╔══
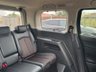 USED 2018 18 NISSAN ELGRAND HIGHWAY STAR 2.5L AUTO  FRESH IMPORT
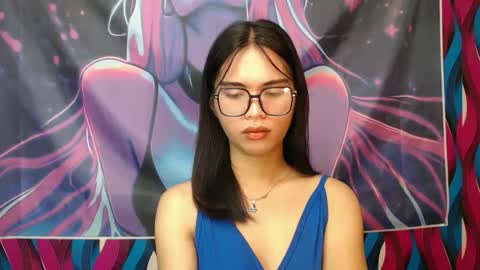 urtereshameow online show from 03/24/26, 02:22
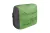 Надувна подушка Sea to Summit Aeros Premium Pillow Deluxe, 14 × 56 × 36 см – Салатова 4
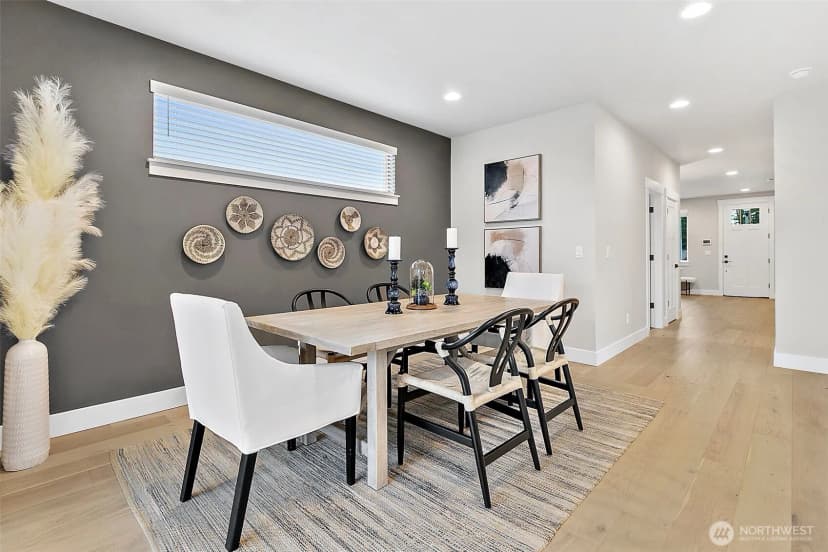 Property photo for 28407 142nd Place Se, Kent photo 22
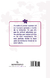 Primer Septenio - Rudolf Steiner - comprar online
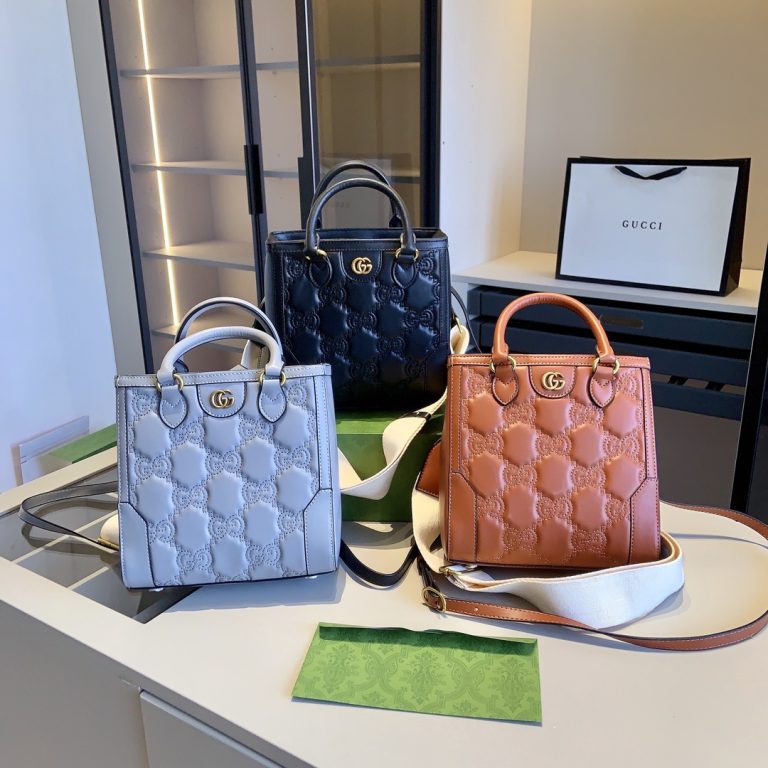 FashionReps Bags 07YAA661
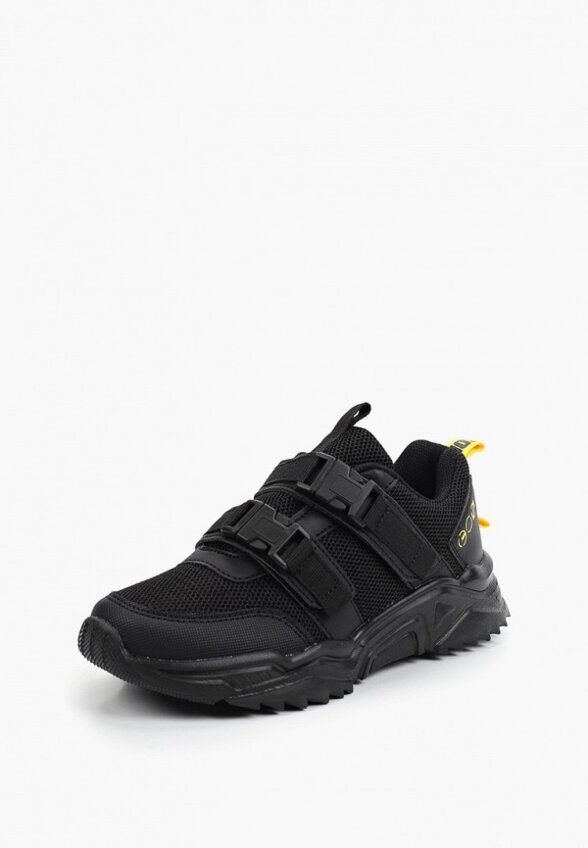 Кроссовки Shuzzi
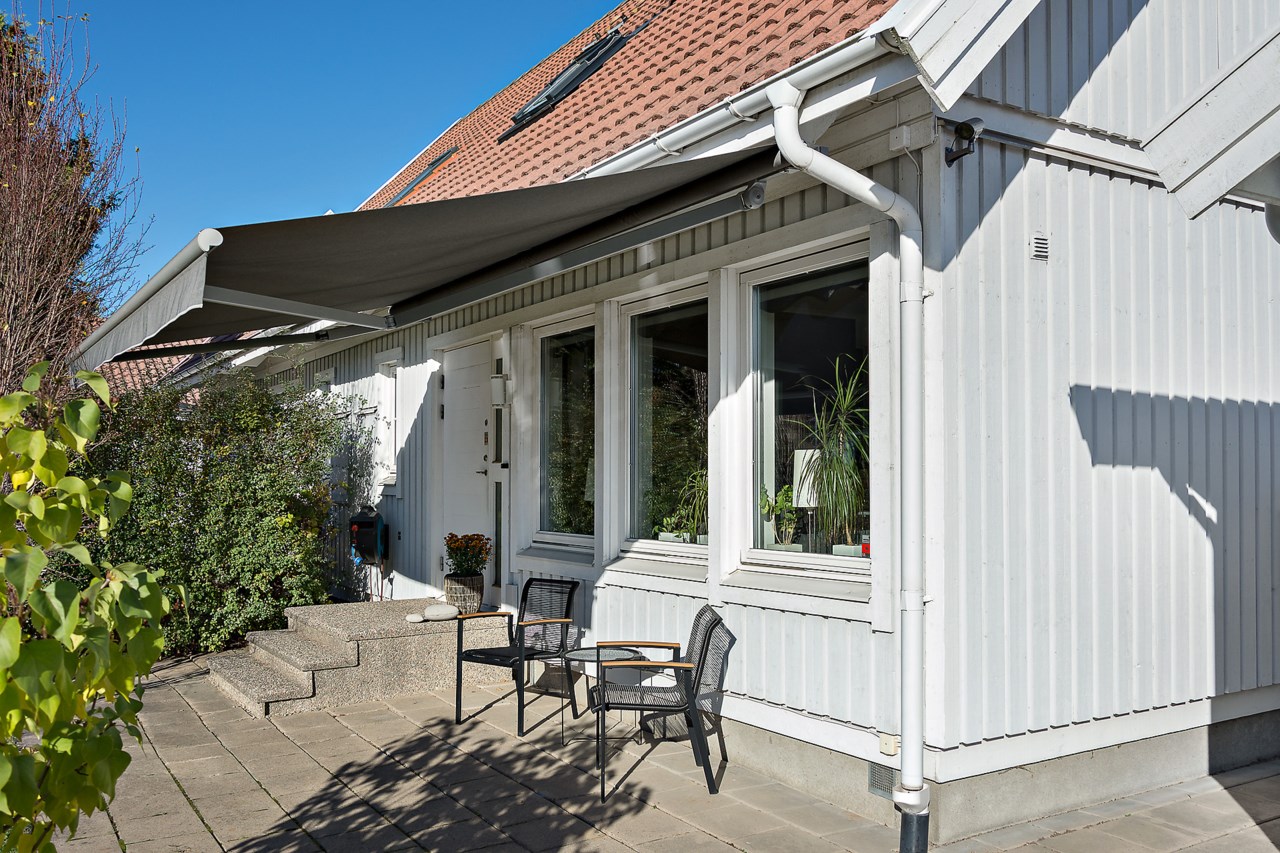 Skafferivägen 6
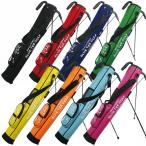  голубой чай Golf стрейч CC-001 собственный подставка сумка Япония стандартный товар 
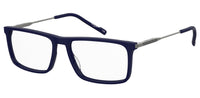 Pierre Cardin P.C. 6287 PJP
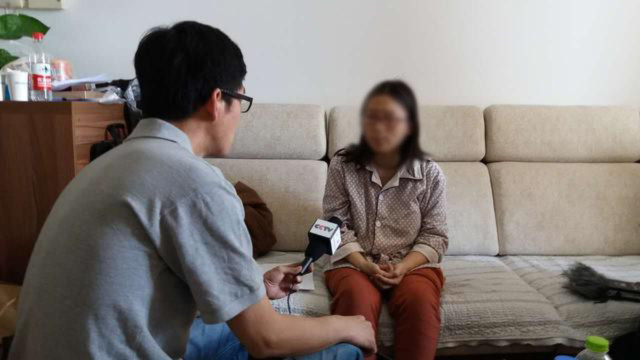 人大硕士涉嫖被抓死亡 家属要求公开执法记录视频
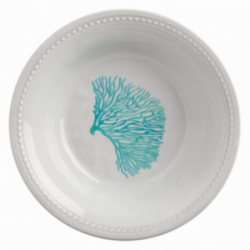 HARMONY SOUP PLATE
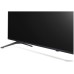Информационная панель LG UN640S 75UN640S0LD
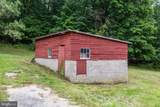 2685 Day Spring Drive - Photo 47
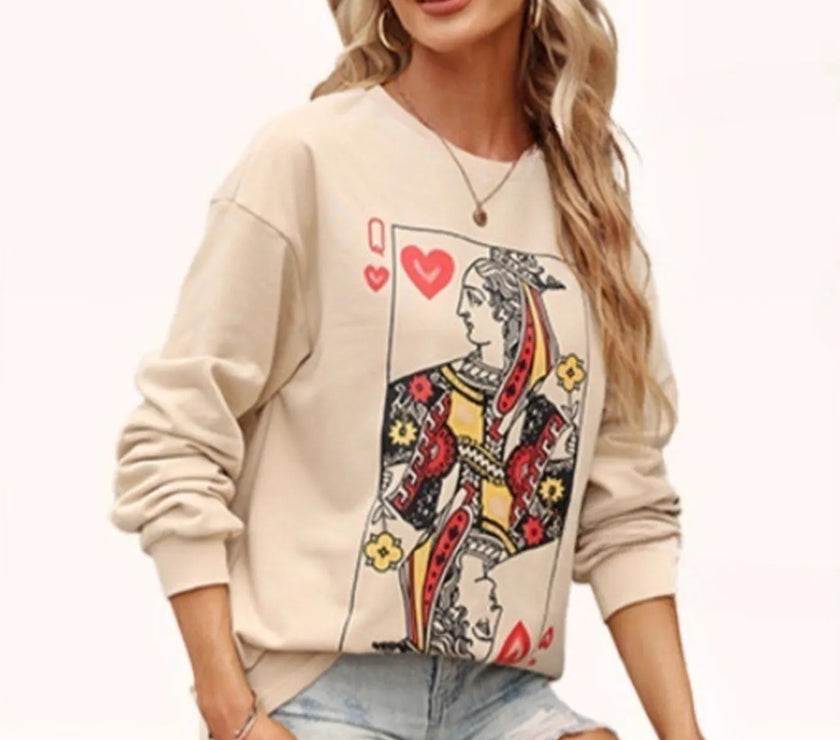 10949fa5b79c492e9bb8256c649255d8-Max-Origin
╚══
Set down, word for word, the line that holds "Pierre Cardin P.C. 6287 PJP" and all lines after it to the end of the entries above, but not the pictures.

 Pierre Cardin P.C. 6287 PJP
 人大硕士涉嫖被抓死亡 家属要求公开执法记录视频
 HARMONY SOUP PLATE
Информационная панель LG UN640S 75UN640S0LD
 2685 Day Spring Drive - Photo 47
 10949fa5b79c492e9bb8256c649255d8-Max-Origin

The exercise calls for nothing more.